YOUR OBJECTIVE:
Quote the lines below from the one containing "from 05/19/26, 10:43" to the final line, both ends included; exclude the pictures.

SOURCE RECORDS:
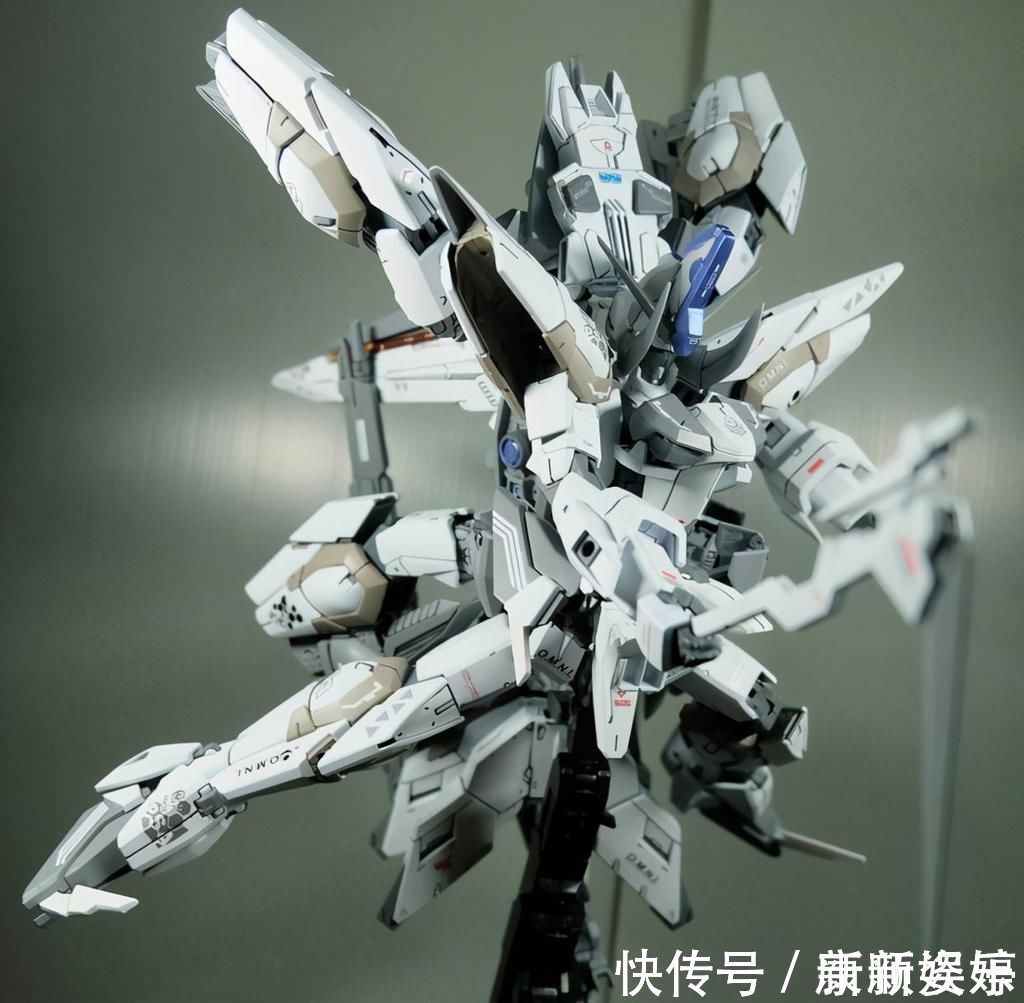 圣盾|模玩控:1:100比例可变形蜘蛛,白色圣盾高达模型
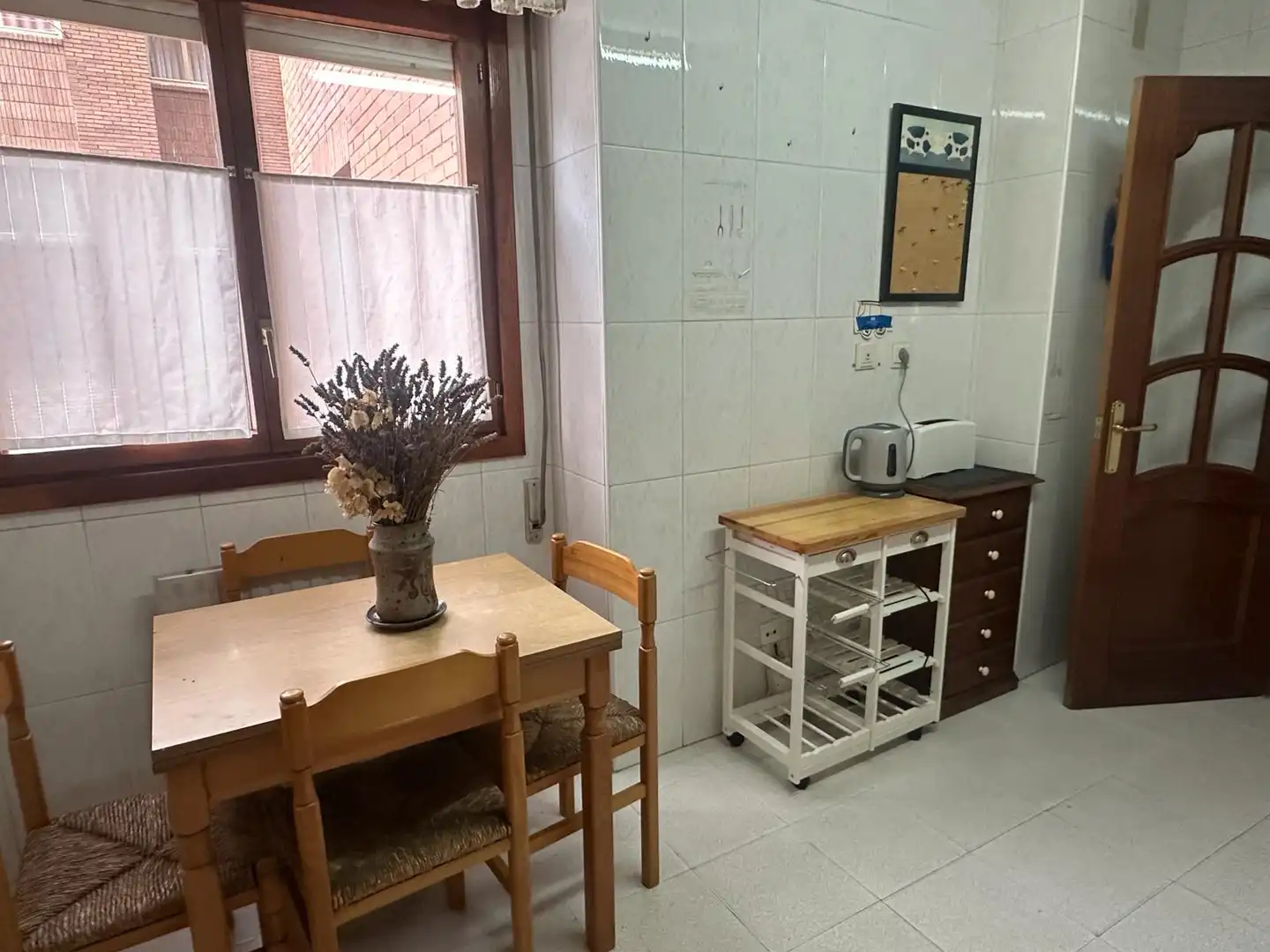 Kitchen of Flat for rent in Avilés  with Heating, Parquet flooring and Storage room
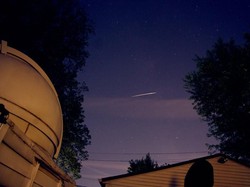 Perusahaan Jepang Ingin Ciptakan Hujan Meteor Buatan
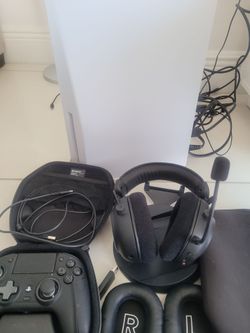PS5 2TB Bundle (SSD, 2 controllers, headaet)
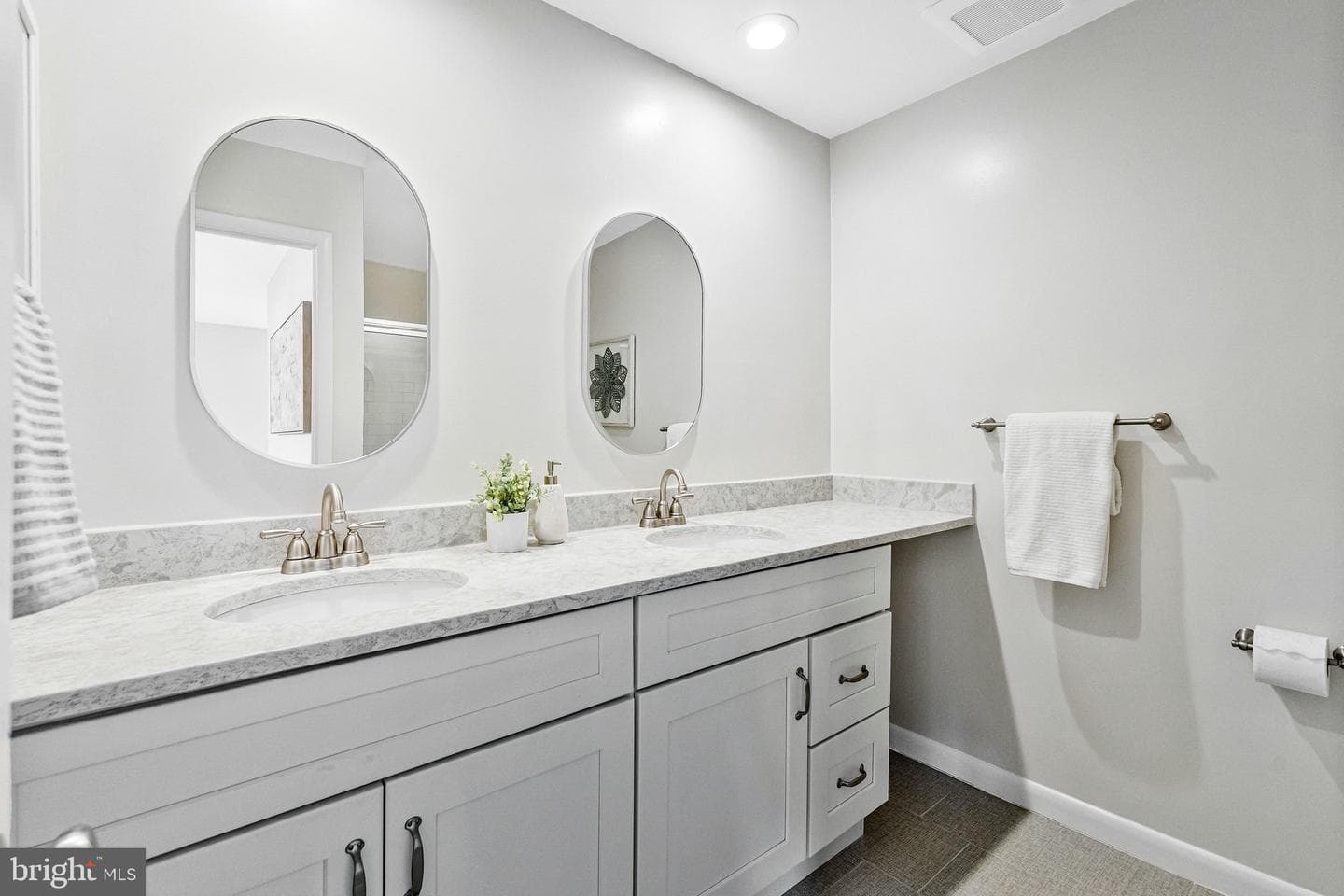 3069 White Birch Court photo 20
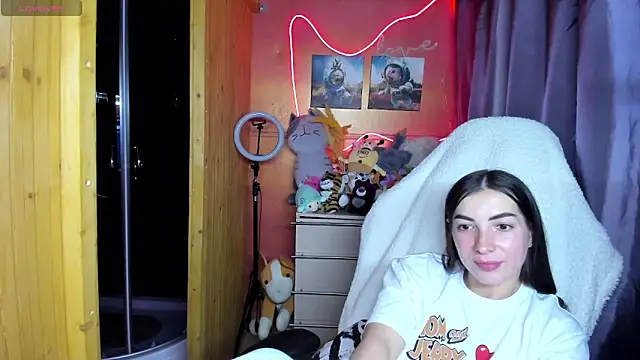 Fiery Brunette  online show from 05/19/26, 10:43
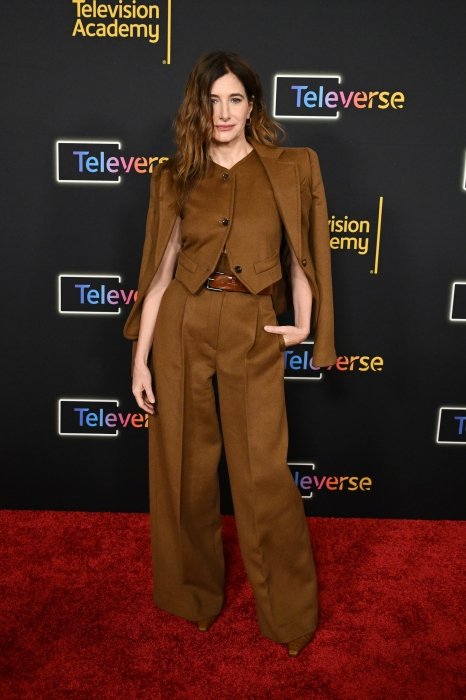 Кэтрин Хан показалась в брючном костюме — новые фото актрисы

REPLY:
 Fiery Brunette  online show from 05/19/26, 10:43
 Кэтрин Хан показалась в брючном костюме — новые фото актрисы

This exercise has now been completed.